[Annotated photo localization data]

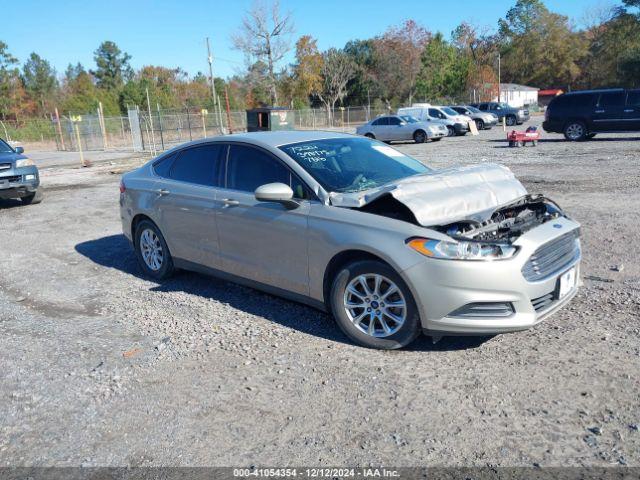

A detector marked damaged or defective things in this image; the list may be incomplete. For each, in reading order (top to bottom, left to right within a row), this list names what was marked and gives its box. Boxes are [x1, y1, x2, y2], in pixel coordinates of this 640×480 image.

crumpled hood [328, 163, 528, 227]
damaged silver sedan [119, 131, 580, 348]
broken headlight [408, 237, 516, 260]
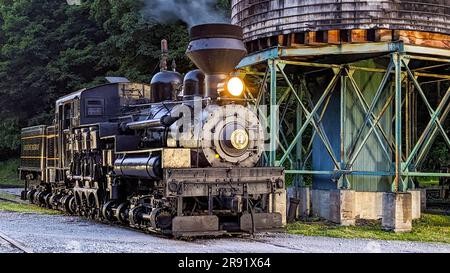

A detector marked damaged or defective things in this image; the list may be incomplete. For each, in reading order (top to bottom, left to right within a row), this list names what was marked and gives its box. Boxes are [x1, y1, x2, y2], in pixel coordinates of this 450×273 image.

rusted metal structure [234, 0, 448, 193]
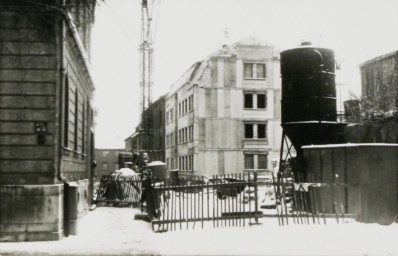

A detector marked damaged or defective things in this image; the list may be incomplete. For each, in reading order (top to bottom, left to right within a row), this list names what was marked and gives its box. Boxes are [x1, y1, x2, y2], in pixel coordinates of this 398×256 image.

damaged building facade [0, 0, 96, 241]
damaged building facade [164, 39, 282, 176]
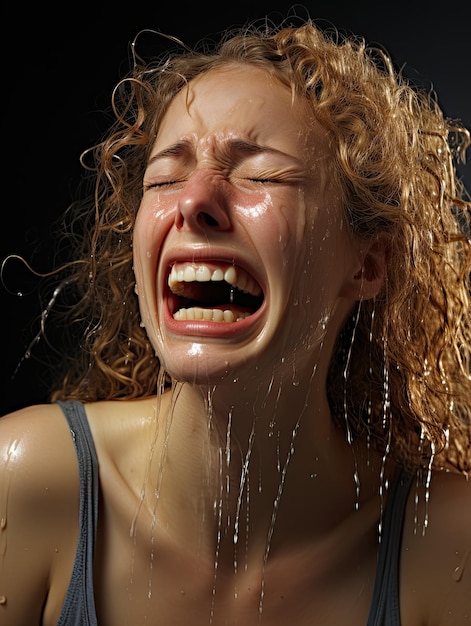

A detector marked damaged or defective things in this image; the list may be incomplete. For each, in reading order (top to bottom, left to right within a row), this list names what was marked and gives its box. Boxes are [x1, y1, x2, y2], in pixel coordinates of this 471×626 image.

tear-streaked face [135, 64, 360, 386]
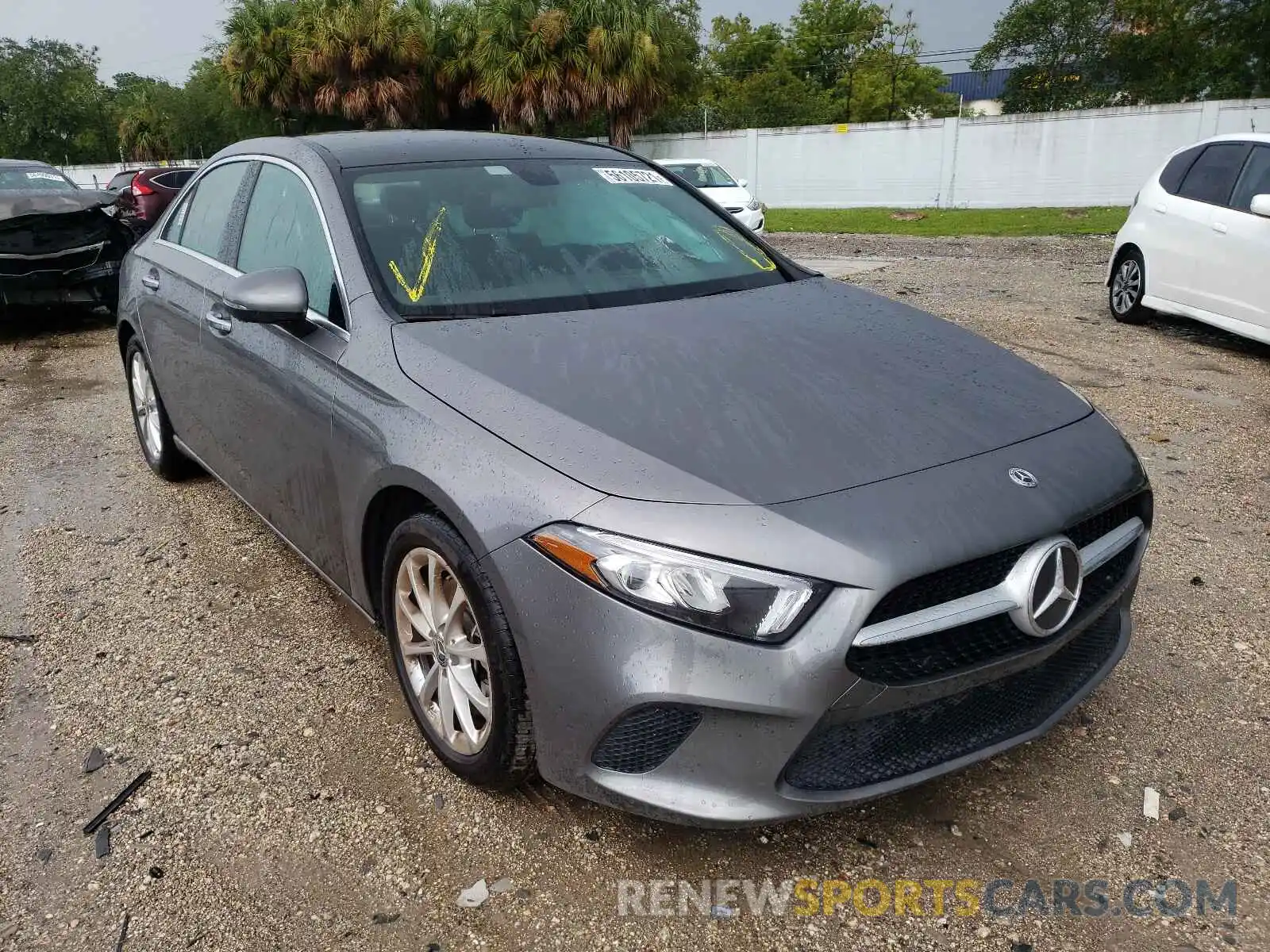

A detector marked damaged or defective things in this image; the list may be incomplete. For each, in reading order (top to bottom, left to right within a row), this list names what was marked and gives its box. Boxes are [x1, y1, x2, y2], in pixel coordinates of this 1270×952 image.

damaged black vehicle [0, 160, 134, 313]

▶ _WORK TO BE COMPLETED_: Copy nothing except the lines from the one with "this 1270×952 image." through the end of the records; keep each exactly as it appears, first and last included.

▶ _SOLUTION FOR THIS PROBLEM_:
A detector marked damaged or defective things in this image; the list may be incomplete. For each, in reading order (top to bottom, left to right within a row), this list names what was marked and gives its box. Boxes are [x1, y1, x2, y2], in pixel coordinates of this 1270×952 image.

damaged black vehicle [0, 160, 134, 313]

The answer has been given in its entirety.